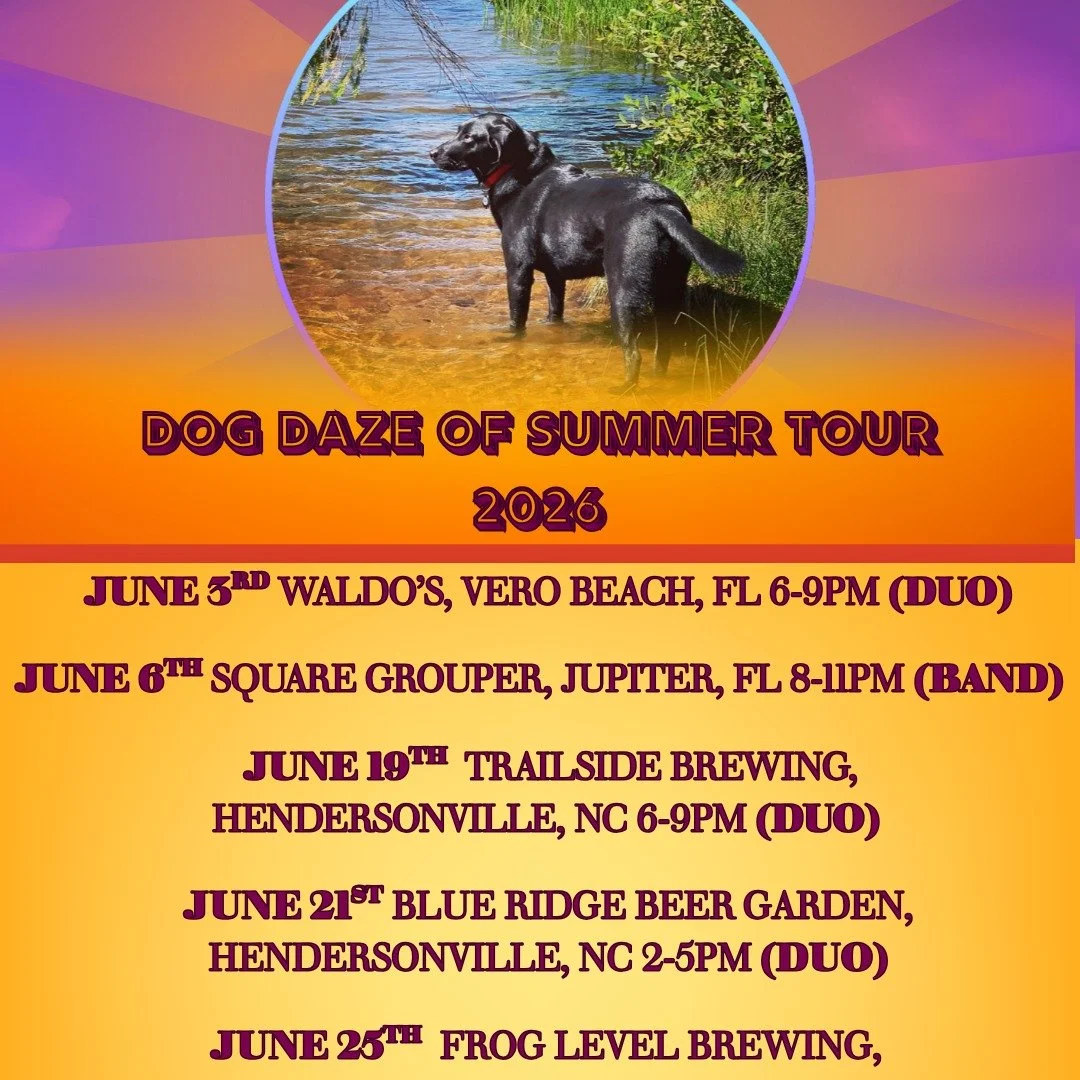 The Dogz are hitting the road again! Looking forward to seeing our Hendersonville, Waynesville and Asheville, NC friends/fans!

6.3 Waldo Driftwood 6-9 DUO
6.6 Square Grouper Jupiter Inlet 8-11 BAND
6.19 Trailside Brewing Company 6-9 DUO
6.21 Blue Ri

==

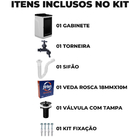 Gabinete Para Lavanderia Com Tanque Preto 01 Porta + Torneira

**Task instructions:**
What is asked for is an exact copy of the lines above from the one containing "6.3 Waldo Driftwood 6-9 DUO" through the one containing "6.21 Blue Ri", and only those.

**Output for this exercise:**
6.3 Waldo Driftwood 6-9 DUO
6.6 Square Grouper Jupiter Inlet 8-11 BAND
6.19 Trailside Brewing Company 6-9 DUO
6.21 Blue Ri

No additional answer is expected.